───── INFORMATION PROVIDED ─────

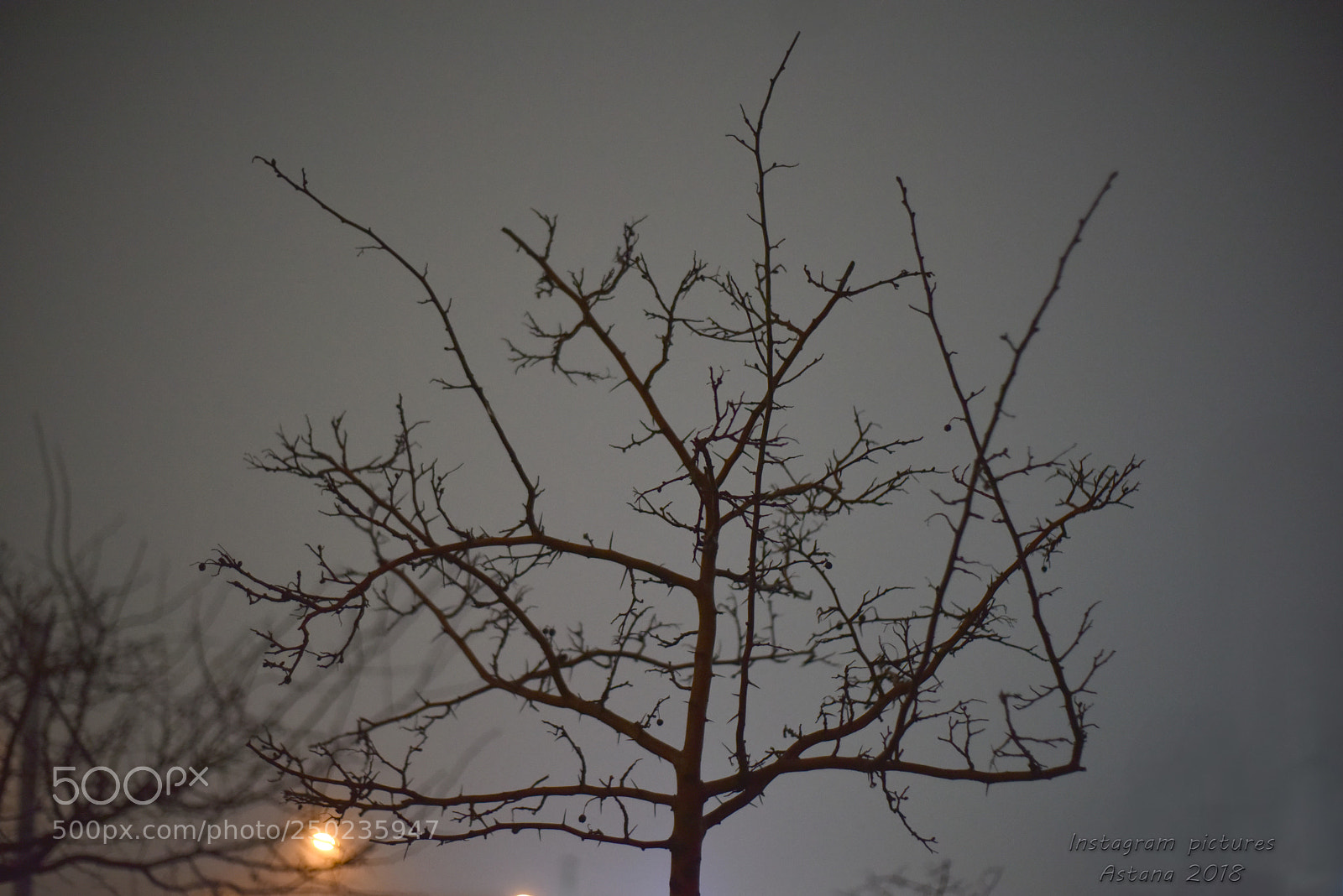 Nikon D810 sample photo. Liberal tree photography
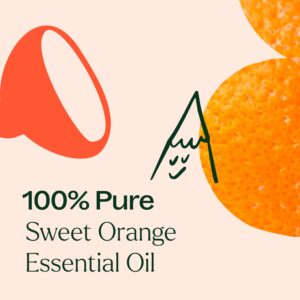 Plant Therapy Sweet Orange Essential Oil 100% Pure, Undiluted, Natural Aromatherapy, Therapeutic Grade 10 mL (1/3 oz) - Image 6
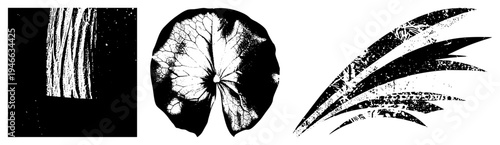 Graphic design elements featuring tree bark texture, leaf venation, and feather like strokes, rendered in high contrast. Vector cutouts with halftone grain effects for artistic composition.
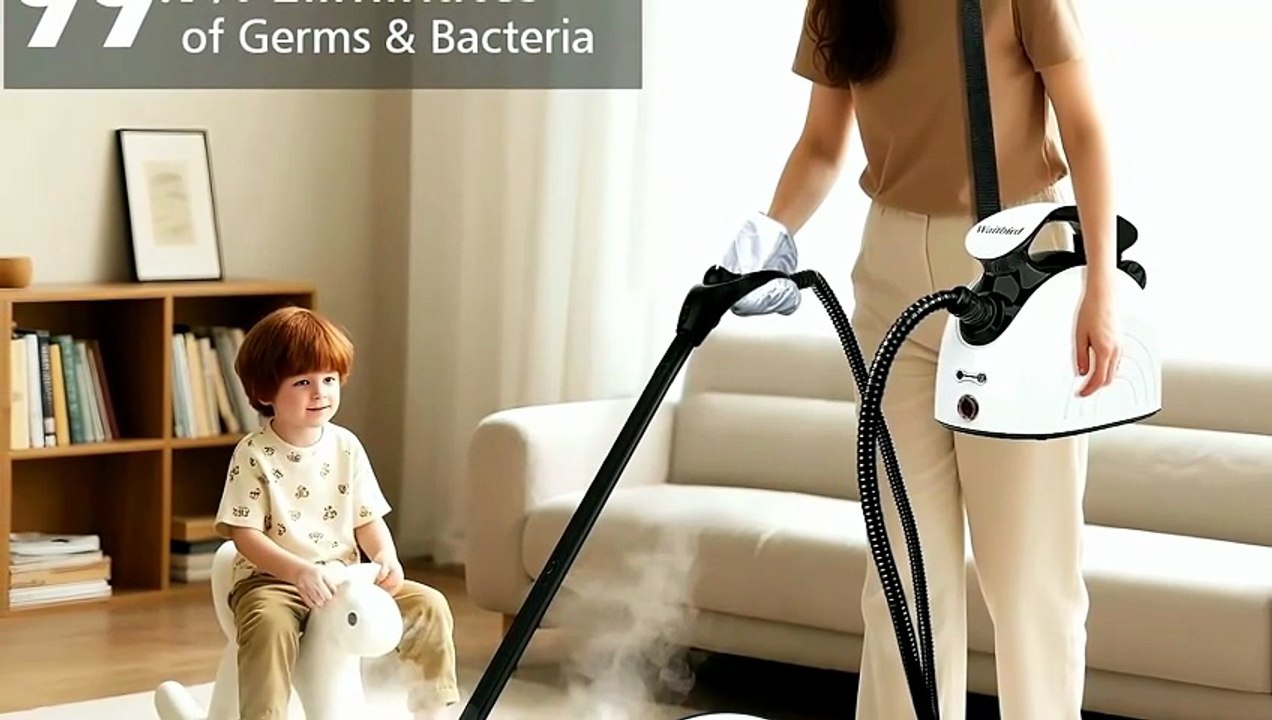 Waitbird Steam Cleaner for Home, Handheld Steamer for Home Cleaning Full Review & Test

─────

_REQUIREMENT_
Output, word for word, the full listing above, with no pictures.

_RESPONSE_
 Nikon D810 sample photo. Liberal tree photography
 Plant Therapy Sweet Orange Essential Oil 100% Pure, Undiluted, Natural Aromatherapy, Therapeutic Grade 10 mL (1/3 oz) - Image 6
 Graphic design elements featuring tree bark texture, leaf venation, and feather like strokes, rendered in high contrast. Vector cutouts with halftone grain effects for artistic composition.
 Waitbird Steam Cleaner for Home, Handheld Steamer for Home Cleaning Full Review & Test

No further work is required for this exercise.